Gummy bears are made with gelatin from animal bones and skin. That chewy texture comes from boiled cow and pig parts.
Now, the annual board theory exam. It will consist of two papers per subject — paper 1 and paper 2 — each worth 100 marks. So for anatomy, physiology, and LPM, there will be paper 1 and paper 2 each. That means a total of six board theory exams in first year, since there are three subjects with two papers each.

---

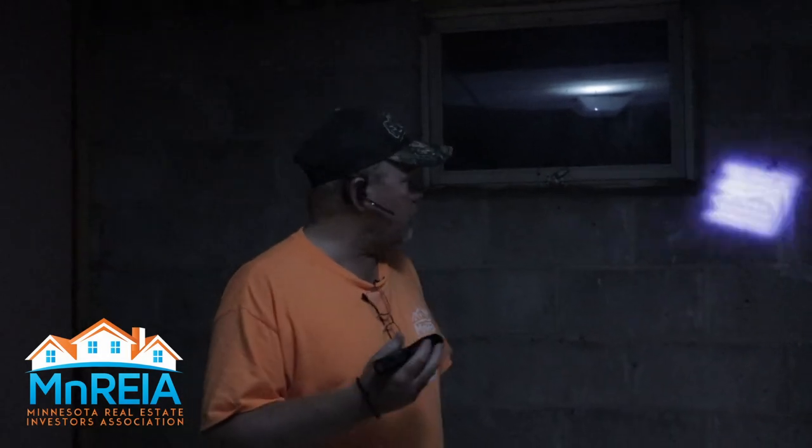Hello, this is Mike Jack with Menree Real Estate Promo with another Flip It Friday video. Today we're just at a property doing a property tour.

* [Work item]: In the data above, find each line where the string "That" appears, then copy it.

* [Exercise result]:
Gummy bears are made with gelatin from animal bones and skin. That chewy texture comes from boiled cow and pig parts.
Now, the annual board theory exam. It will consist of two papers per subject — paper 1 and paper 2 — each worth 100 marks. So for anatomy, physiology, and LPM, there will be paper 1 and paper 2 each. That means a total of six board theory exams in first year, since there are three subjects with two papers each.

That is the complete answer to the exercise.